Saturday, July 2, 2011


It is hard to summarize a city full of as many contradictions as Sarajevo. In one sense, its history is rich as a mixing bowl of cultures, and relative tolerance, yet ten years ago it became eponymous with intolerant slaughter. But even before that, the Nazis and local allies effectively destroyed a Jewish community that came to Sarajevo the same time that Columbus was landing in the New World.

Architecturally, the city begins with the Baščaršija, the oldest, mostly Ottoman part of the city. The quarter remains pedestrianized, with plenty of touristy shops selling everything from intricately carved bullet shells to futbol jerseys. We stayed in a nearby pansion, just a few steps from the historic and still functional fountain. Cobblestone streets, locals sipping turkish coffee in numerous cafes, and we even spotted the traditional Muslim call to prayer from an imam at one of the older mosques, a rare sight these days as the adhan is typically delivered from electronic loudspeakers in much of the Muslim world.
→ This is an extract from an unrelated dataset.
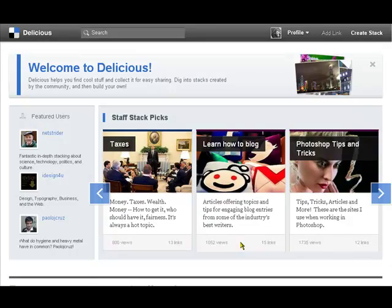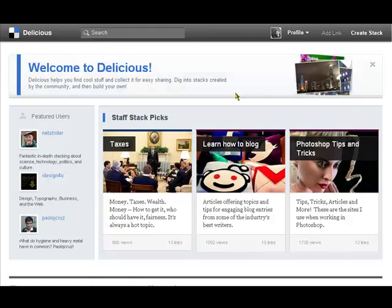Welcome to number 17 in the series of ICT tools for the ed2work EU network project. Today we're looking at Delicious, which is a social bookmarking tool, one of the oldest that's been out there. This is the front page with all the usual things.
When the Ottomans gave up Sarajevo in the Treaty of Berlin, the Austro-Hungarians moved in, and began to add to Sarajevo in the neighborhoods adjacent to the Turkish quarter. While seamless in terms of a street layout, the cobblestone gives way to pavement and the building take on a Viennese stamp in this part of the city. While the older, Turkish portion contains an important historical synagogue (now a museum) as well as a 15th century Orthodox church, the newer Austro-Hungarian portion contains the main Catholic cathedral as well as the new Orthodox church (although open as a tourist draw and lovely from the outside, much of the interior icons have been taken to other more Serb occupied parts of town.)

But the Austro-Hungarians did not stay for long, as on 28 June 1914 (97 years and one day before our arrival in Sarajevo), Serbian nationalist Gavrilo Princip shot the heir to the throne and his pregnant wife in Sarajevo, igniting the first world war, and in effect ending the imperial system that had so long ruled much of Europe and the Middle East. Standing on the bridge today - a little noticed pedestrian overpass over the river - one can imagine the fear and loathing of this simple nationalist who arguably set in motion every major world event of the 20th century.